Instructions for the task
Only the pictures are to be omitted; everything else in the listing must be reproduced exactly.

Supplied material
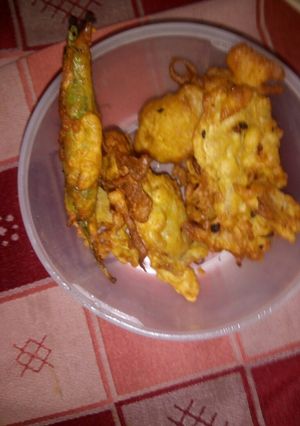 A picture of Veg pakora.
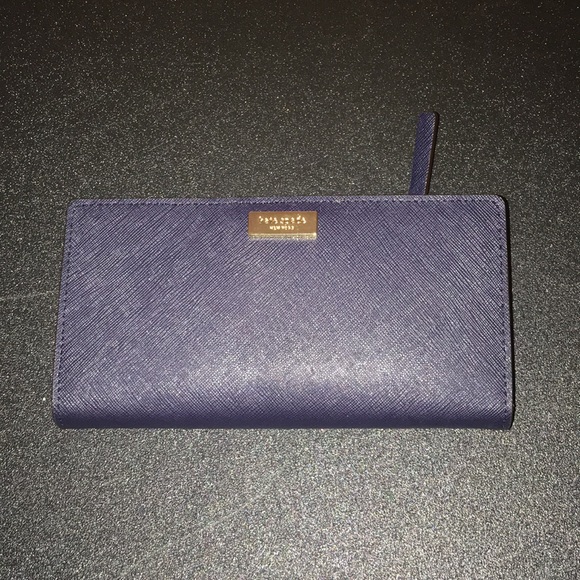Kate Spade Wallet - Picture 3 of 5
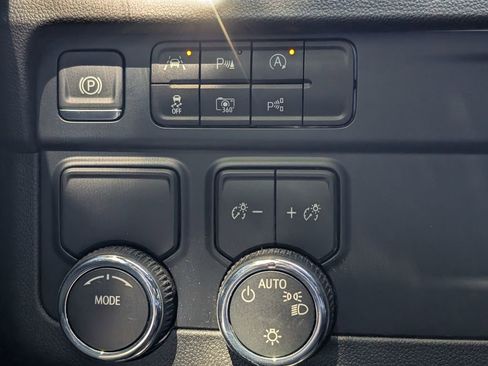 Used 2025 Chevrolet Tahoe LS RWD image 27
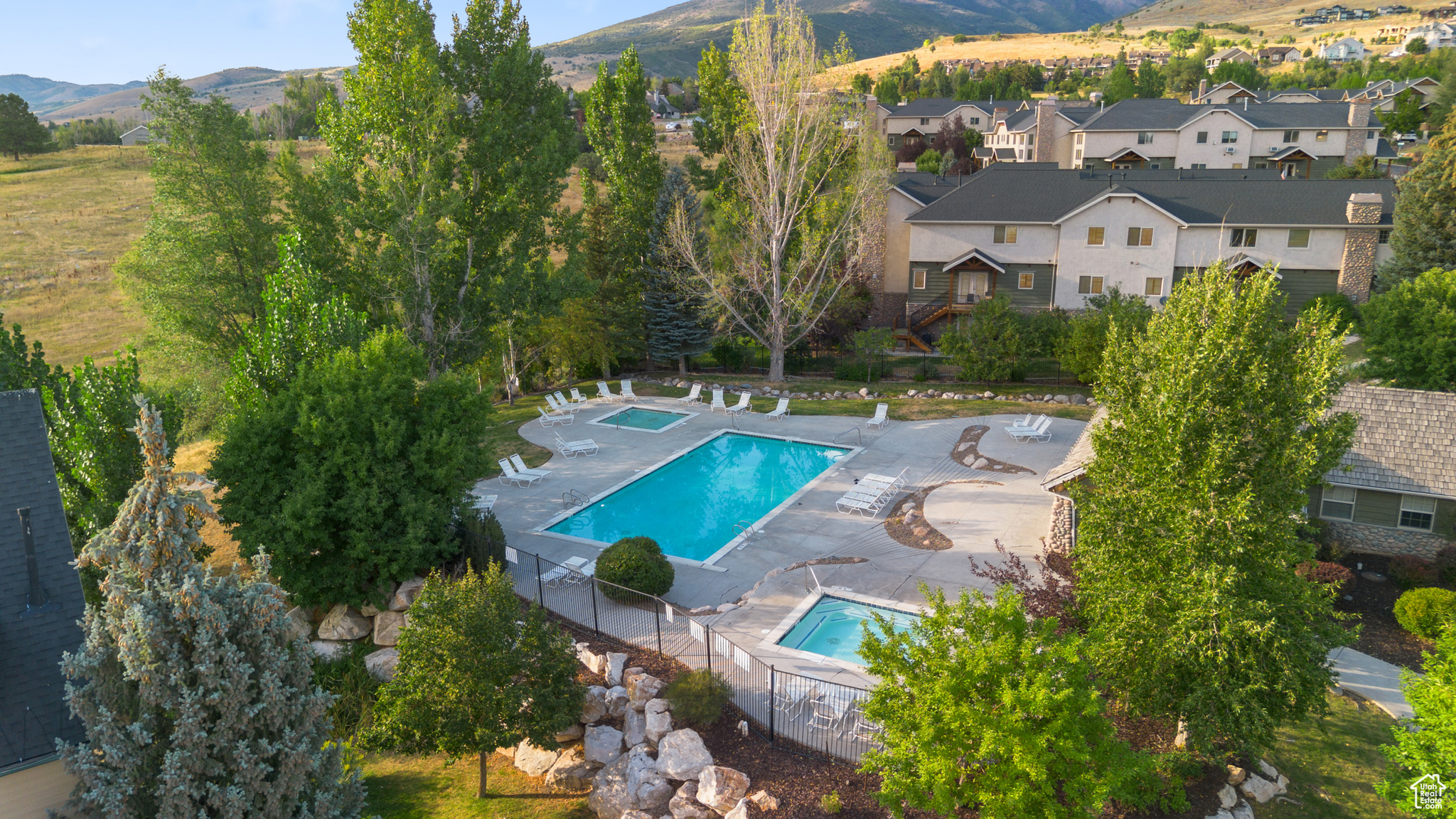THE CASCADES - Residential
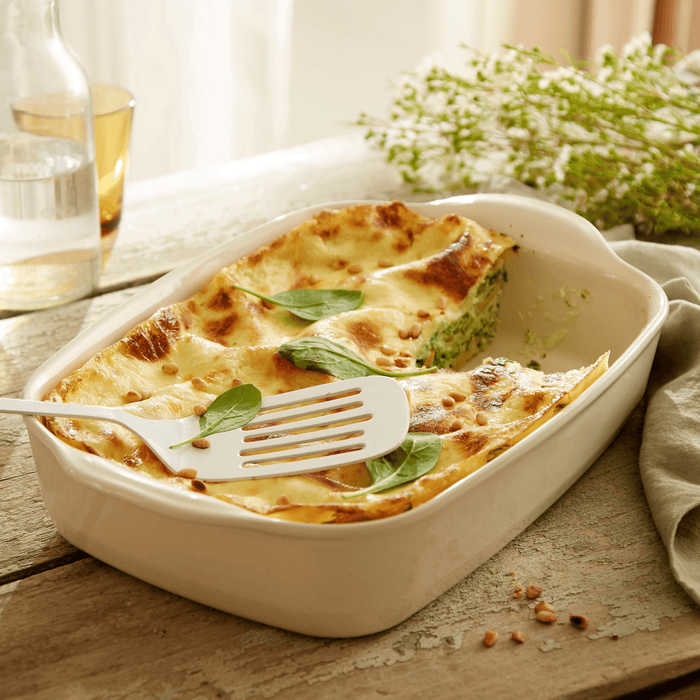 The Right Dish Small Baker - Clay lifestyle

Response box
 A picture of Veg pakora.
Kate Spade Wallet - Picture 3 of 5
 Used 2025 Chevrolet Tahoe LS RWD image 27
THE CASCADES - Residential
 The Right Dish Small Baker - Clay lifestyle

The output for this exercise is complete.